Каковы бы ни были обстоятельства, некогда оправдывавшие определенных благословенных святых в их одинокой жизни, – не дай Бог нам сказать, что им не было оправдания, – мы понимаем, что в наше время, когда столько невежества, порока, бедности, страданий и печали со всех сторон, одиночество, за исключением очень особых случаев, эгоистично и греховно. Христиане и христианки должны вставать и действовать. Если у них нет обязанностей дома или среди родных и близких, тогда есть у них обязанности вне дома, среди невежд, бедняков и страдальцев[539]
.Дело усугублялось физическим присутствием разрастающихся общин: каждая из них требовала строительства или переоборудования собственного здания с запирающимися дверями, обнесенным стеной двором, а к тому же, как утверждалось, и зарешеченными окнами. Как мы увидим в следующей части этой главы, первая современная типовая тюрьма в Пентонвиле с ее отдельными камерами для одиночного заключения открылась всего за три года до появления первого монастыря, и образы этих двух проектов наложились друг на друга. «Почему они так похожи на тюрьмы, – вопрошал автор статьи под названием «Монастыри Соединенного Королевства», – и так не похожи на частные жилые дома или даже хотя бы на государственные учреждения английских городов?»[540]

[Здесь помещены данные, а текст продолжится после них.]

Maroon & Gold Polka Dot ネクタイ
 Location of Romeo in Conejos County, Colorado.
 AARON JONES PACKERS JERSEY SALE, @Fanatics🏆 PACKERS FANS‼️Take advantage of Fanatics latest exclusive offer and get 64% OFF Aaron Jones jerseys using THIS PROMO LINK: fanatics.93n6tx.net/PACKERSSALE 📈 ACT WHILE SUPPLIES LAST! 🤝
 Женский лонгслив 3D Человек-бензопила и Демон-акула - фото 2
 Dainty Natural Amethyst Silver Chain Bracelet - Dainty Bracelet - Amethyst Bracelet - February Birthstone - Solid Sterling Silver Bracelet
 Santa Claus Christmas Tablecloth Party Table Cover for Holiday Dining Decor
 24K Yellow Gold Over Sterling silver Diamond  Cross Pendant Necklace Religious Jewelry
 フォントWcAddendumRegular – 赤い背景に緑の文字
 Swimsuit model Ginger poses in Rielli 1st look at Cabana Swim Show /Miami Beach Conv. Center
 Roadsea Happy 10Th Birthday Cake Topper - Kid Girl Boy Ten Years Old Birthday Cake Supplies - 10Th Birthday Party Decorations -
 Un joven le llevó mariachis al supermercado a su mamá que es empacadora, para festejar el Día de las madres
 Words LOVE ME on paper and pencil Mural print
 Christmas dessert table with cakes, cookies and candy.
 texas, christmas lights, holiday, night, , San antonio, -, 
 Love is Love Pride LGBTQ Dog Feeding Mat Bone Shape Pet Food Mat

Представление о том, что уязвимые юные девушки оказываются «замурованы» в монастырях, стало буквальным и метафорическим описанием их страданий[541]. Полупорнографическая традиция монашеских откровений, начатая Мэтью Льюисом, породила «Ужасающие откровения Марии Монк», впервые опубликованные в Америке в 1836 году и широко распространившиеся в Британии[542]. В этой книге рассказывалось, как монашкам затыкали рот кляпом и запирали их в карцере[543]. Между двумя строительными программами проводились постоянные параллели. «У них все те же характеристики, что мы наблюдаем в исправительных домах, колониях и тюрьмах на нашей земле, – писал Хобарт Сеймур. – Те же высокие стены, те же массивные ворота, те же зарешеченные окна и те же решетчатые проемы; тот же скучный, унылый, безрадостный вид, тот же непривлекательный, отталкивающий, безжизненный облик, та же неприступность снаружи, то же отсутствие шанса на побег внутри»[544]. Замысел находит воплощение в архитектуре. Как замечали некоторые, монастыри, не имевшие цели заключать своих обитателей в камеры, попросту не имели бы их. «Если никого не заточают, – рассуждал автор книги «Английские монастыри – что это такое?», – если послушники не приковываются к своим каморкам, то к чему такая готическая толщина стены, такие болты, такие прутья и решетки, такие тайны молчания и уединения, такие упорные попытки не дать обитателю услышать голос родственника или увидеть письмо из „внешнего мира“?»[545] Традиционные домашние пространства приобретали новый смысл. Джону Генри Ньюману пришлось написать в «Таймс» заявление, что подземные помещения в Колвичском монастыре предназначены исключительно для хранения вина, а позднее он был вынужден защищать подвалы в бирмингемской молельне, объясняя, что они нужны для хранения угля.